* **WHAT YOU NEED TO DO**:
From the line below containing "Image de Lagos Balcony With Pool by Homing" to the final line, print each line exactly as written. No pictures belong in the copy.
*** Opening RAW DATA ***
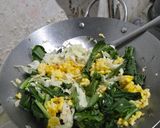 Foto langkah ke 3 dari resep #28 Nasi Goreng Campur Mie Tidak Pedas Dadakan Simpel.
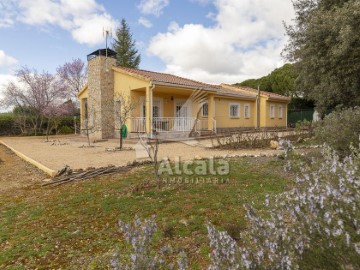 Casa o chalet 3 Habitaciones en Hueva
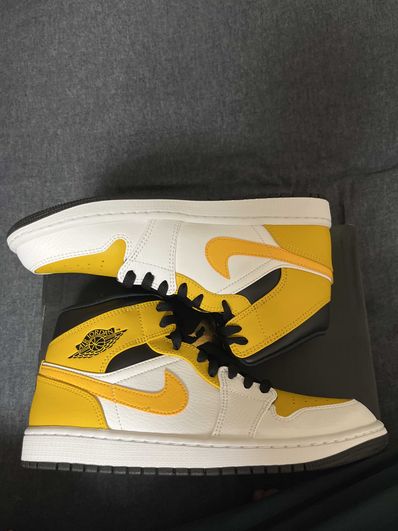 Nike Air Jordan 1 Mid "University Gold"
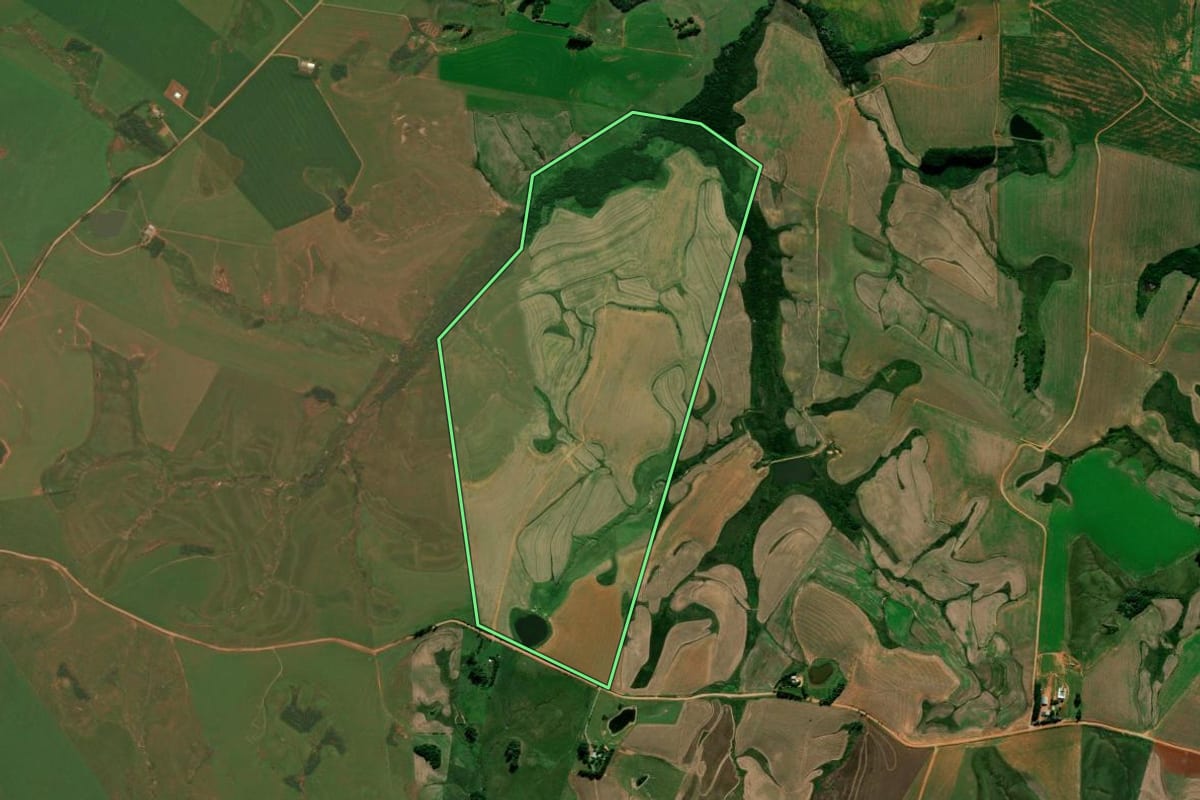 Imagem de satélite do imóvel rural em Júlio de Castilhos (RS), com o contorno declarado no CAR desenhado por cima.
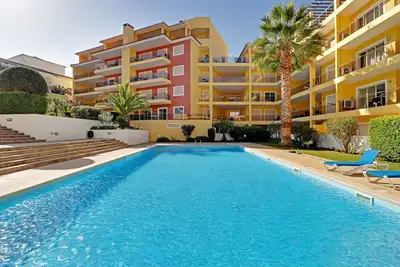 Image de Lagos Balcony With Pool by Homing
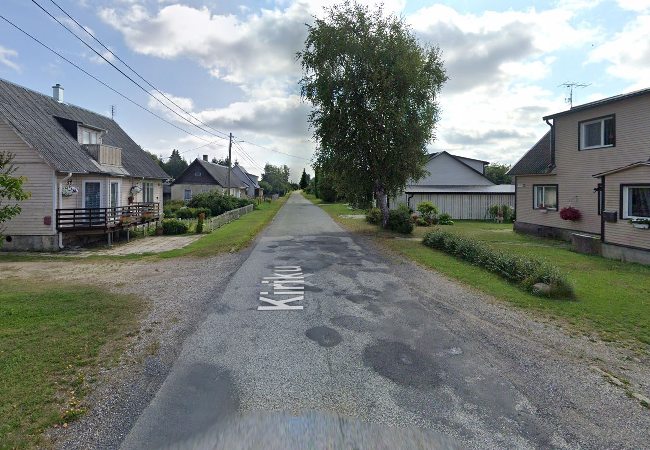 13. mail algasid Kallastel Kiriku tänaval teekatte taastustööd.png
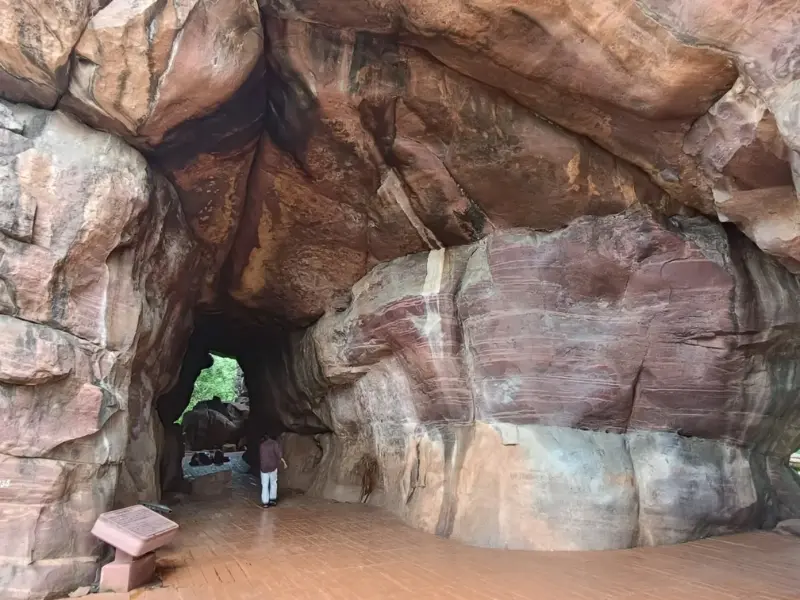 Bhimbetka rock shelters
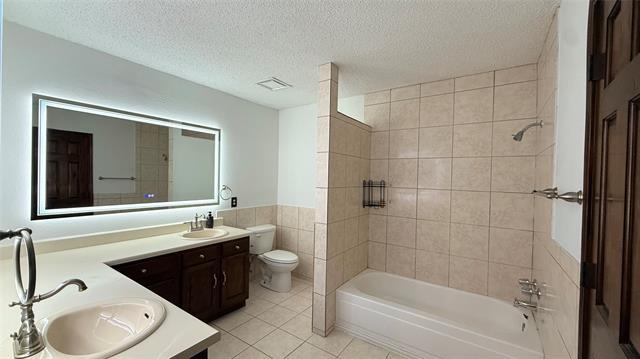 Building Photo - 6841 Ashbury Dr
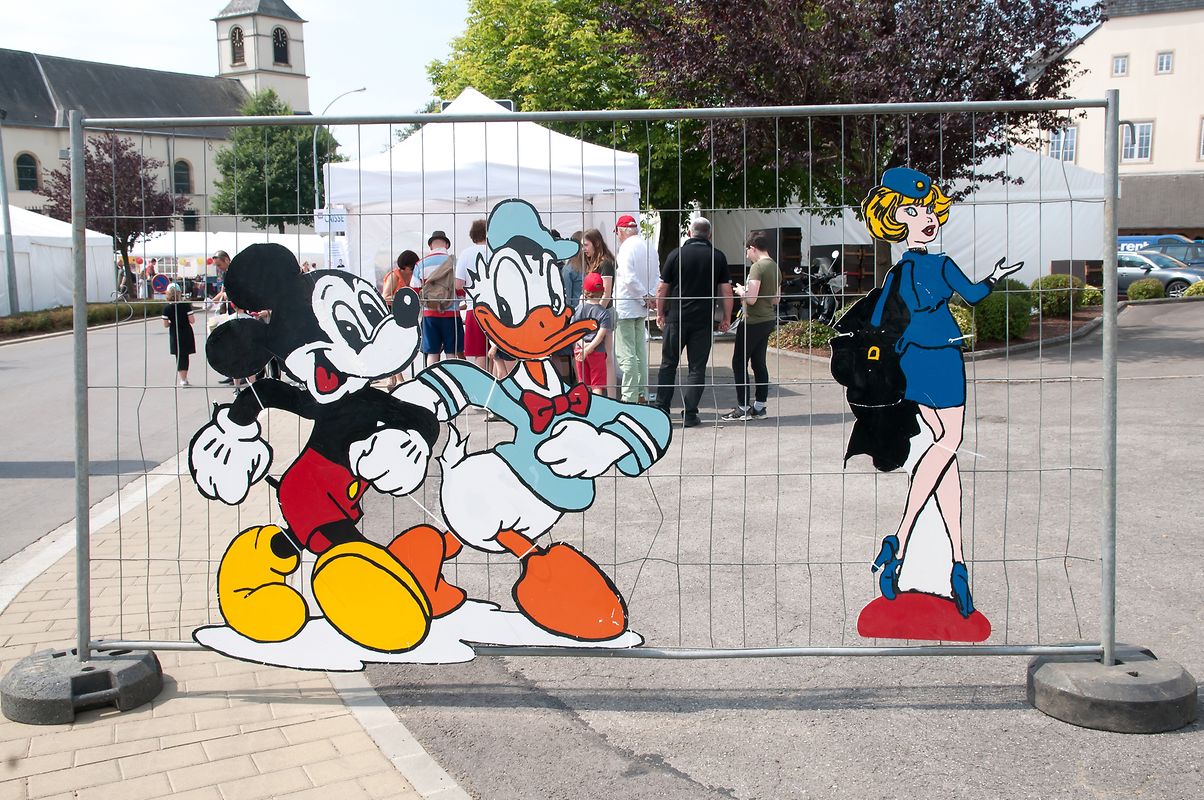 Im Dorf war gewohnt viel los.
*** Closing RAW DATA ***
* **TASK RESPONSE**:
 Image de Lagos Balcony With Pool by Homing
 13. mail algasid Kallastel Kiriku tänaval teekatte taastustööd.png
 Bhimbetka rock shelters
 Building Photo - 6841 Ashbury Dr
 Im Dorf war gewohnt viel los.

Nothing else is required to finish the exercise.